After Green Bay lost Monday night on this incredibly inaccurate call (one ref signaling an interception while the other signaled a touchdown), sports fans and pundits began to demand change and an apology from the NFL Commissioner to fans, teams, players, and coaches.
While I feel badly for all of the above, I feel worse for the replacement refs. They are the ones who are ridiculed, blasted, and verbally berated by coaches, fans, and players. I feel sorry for them because they have been placed in a position they were ill-prepared to handle. They were placed in positions beyond their capacity, experience, and training.

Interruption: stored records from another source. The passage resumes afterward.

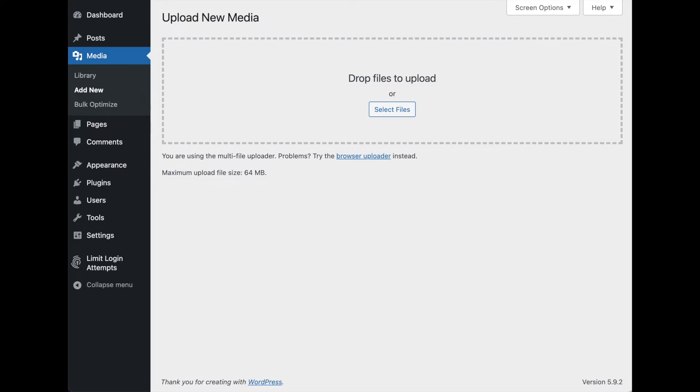Hi, this is Shane Bishop with the EWWW Image Optimizer. Today I want to show you how to use the Chrome dev console and network tab to troubleshoot Ajax or JavaScript issues when you're using, for example, the WordPress media uploader.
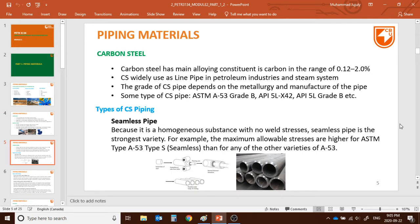Carbon steel is the most widely used material in pipelines, namely for oil and gas and chemicals — it's very versatile. Carbon steel's main alloying constituent is carbon, ranging from 0.1 to 2 percent, sometimes even 4 percent. Carbon steel is widely used as a line pipe. Always remember: line pipe means the main pipeline for oil and gas. It is used as a line pipe in petroleum industries and also as a steam system.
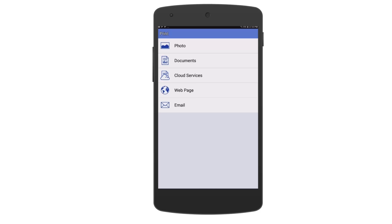You will be able to choose from Photos, Documents, Cloud Services, Web Pages, and Email. For this example, we will use the Photo option.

Organizations often make the same mistake. They place people in roles that are beyond their capacity, or they promote people to roles without preparing them for the challenges. And everyone is hurt: the team, the organization, and the individual who was promoted.

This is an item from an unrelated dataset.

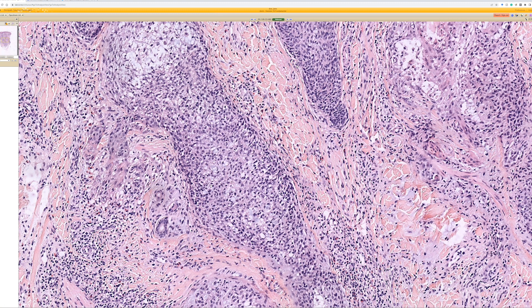Sometimes you can also have clonality in follicular mucinosis that doesn't progress, making this an area of some controversy. I am not a hematopathology expert — you can read the writings of those who know much more about it. Some have proposed at least three scenarios: one associated with folliculotropic MF, one as a reactive phenomenon associated with other inflammatory dermatoses, and one as an idiopathic incidental phenomenon that does not progress to mycosis fungoides.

Organizational theorists often refer to this phenomenon as the Peter Principle – where individuals who were successful and hardworking in other roles are promoted beyond their expertise or capacity. What is sad is that the employee suffers in the end. Instead of continuing to perform well, as he did in his former role, he is put in a position that leads to his demise.
I have made this mistake before. I have put people in roles beyond their capacity. And it is cruel. It is often done to fill a gap, a need, or to take something off our plate. But in the end, no one wins. God has been gracious and faithful to me despite my mistakes in this area.

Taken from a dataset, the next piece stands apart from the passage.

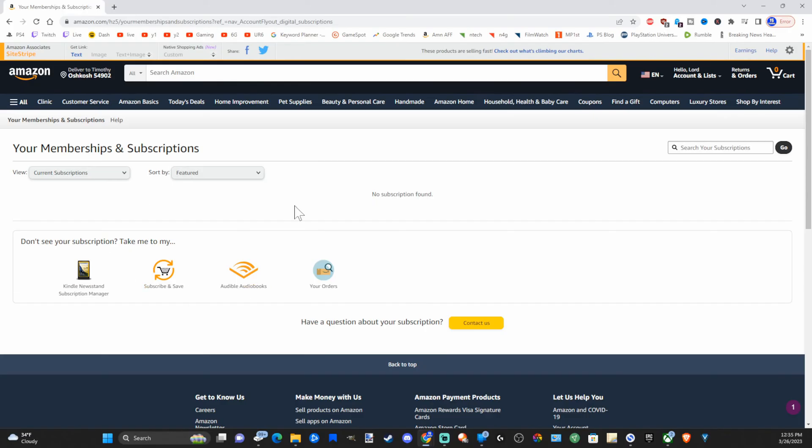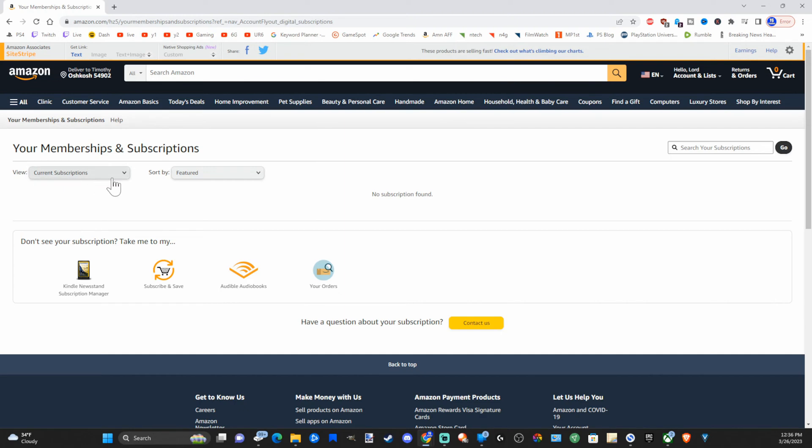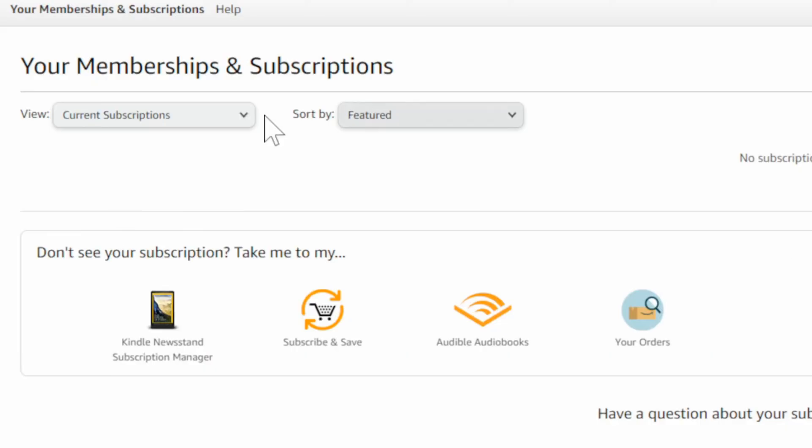Now, if you have any kind of memberships that you want to go ahead and cancel, it should show up right here. I have a Netflix account and I don't believe it shows up on here. So it may not be for every application, but you can see your current subscriptions, especially Prime Video. And then you can simply cancel and end the auto renew or payment.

Yet, I think there are bigger implications for pastoral ministry…
In church ministry, we must be careful to only put people in positions of pastoral authority and leadership who have been proven. The apostle Paul gives the qualifications for elders in 1 Timothy 3:1-7. Included in the list is “blameless” – a man who has been above reproach who has displayed a consistent and credible walk with the Lord. Also included is the warning not to place a new convert in the role or “he may become conceited and fall into the temptation of the Devil” (1 Timothy 3:6). Paul mentions the Devil again in the next verse because he knows that the enemy ferociously attacks those who are placed in pastoral positions. He repeats the warning later in his letter to Timothy, “Don’t be too quick to appoint anyone as an elder” (1 Timothy 5:22). So, he is saying, be careful and diligent when you appoint people to pastoral ministry, not only for the sake of the church but also for the sake of the person.
Why? Because the church won’t thrive with replacement refs.